I have been a fan of Ian Fleming and James Bond since November 1963. My friend Stuart Ratner loaned me the book Casino Royale, the first James Bond book Ian Fleming wrote. I was hooked. Before I saw my first Bond movie, Goldfinger, I had read all the books then in paperback that had been published. Published by Signet and they cost 50 cents each at the time. I had to save up money, $4.50, to buy the hardcover You Only Live Twice when it was released in April of 1964. The Man with the Golden Gun was published, posthumously, a year later. The first hardcover edition of Octopussy (1966) contained that short story and The Living Daylights The next edition added The Property of a Lady, and the final edition reprinted an interesting story from Fleming’s Thrilling Cities, 007 in New York.
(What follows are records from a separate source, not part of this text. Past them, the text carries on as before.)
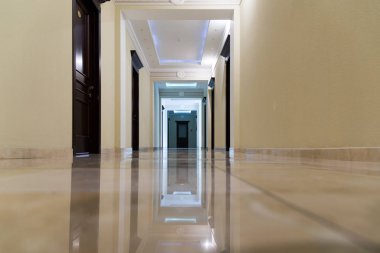 Otelde mermer zemin ile koridor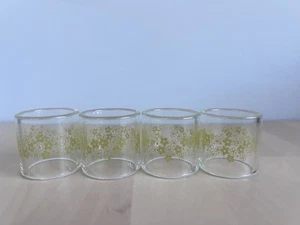 4 Pyrex grüne Frühlingsblüte Crazy Daisy grüne Glasserviettenringe Vintage  - Bild 1 von 3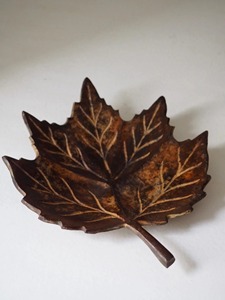 Eye Catching Metal Leaf Plate Ideal For Serving Display Decor Cafe <b>Table</b> Centerpiece And Home <b>Side</b> <b>Table</b> Styling Use From India - Product Image 6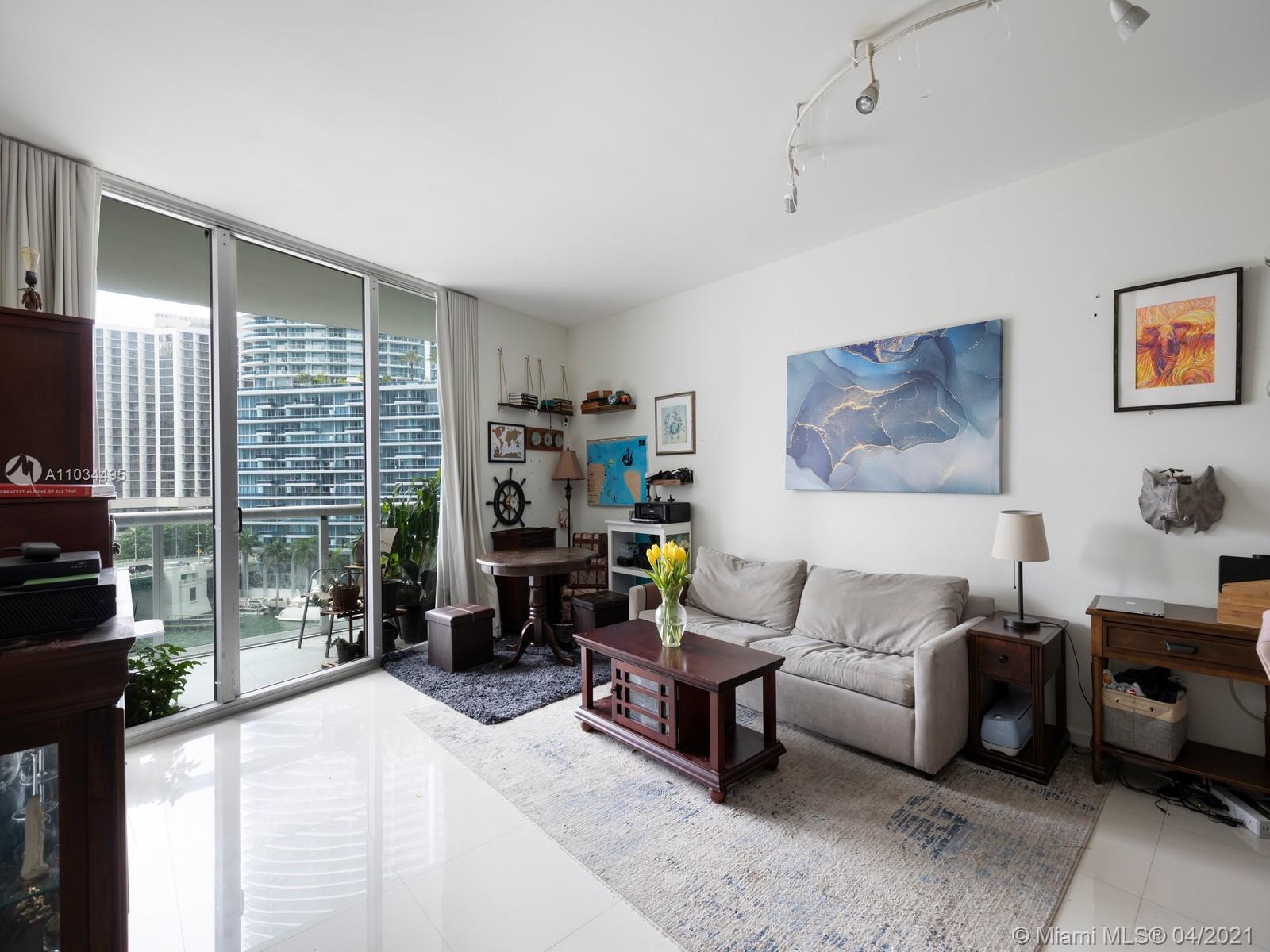 Miami, FL 33131,465 Brickell Ave #906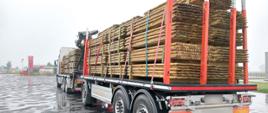 Zespół pojazdów przewożący wyroby z drewna ważył 49 t zamiast dopuszczalnych 40 t.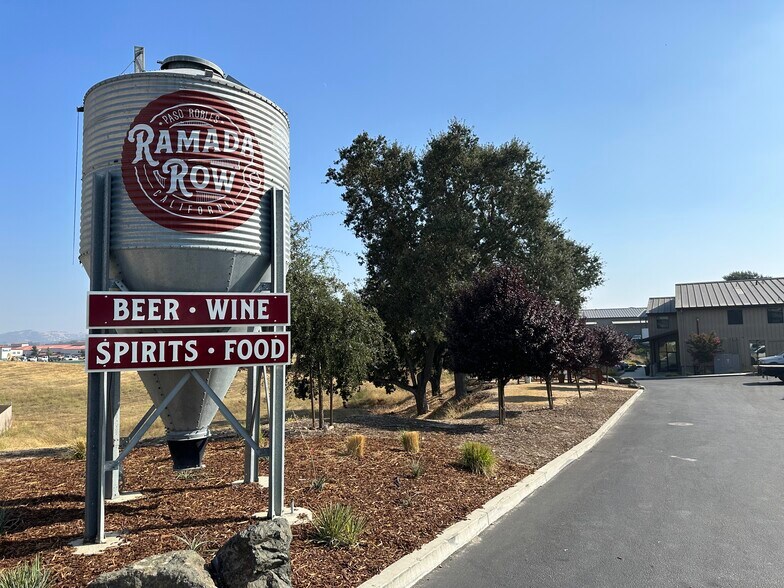 3310 Ramada Dr, Paso Robles, CA à louer - Plan de site – Image 2 sur 8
I loved the movies, their stories, their music and most important, their Bond: Sean Connery. Connery was great, sophisticated, funny and tough, a great actor and a wonderful personality. But he did not play the James Bond of the books. That Bond was far less attractive, not so much sophisticated but a snob. The book Bond looked forward to retirement, wondered how many missions he had left and what his pension would be. If he had a sense of humor, it was a hard to find. Bond, and Fleming, was also a bit racist. About black people Bond would say that they all believed in Voodoo, but he wasn’t really kind to people born outside the United Kingdom (and even some parts of it.) The books were fun and compelling and with On Her Majesty’s Secret Service and You Only Live Twice, rather haunting.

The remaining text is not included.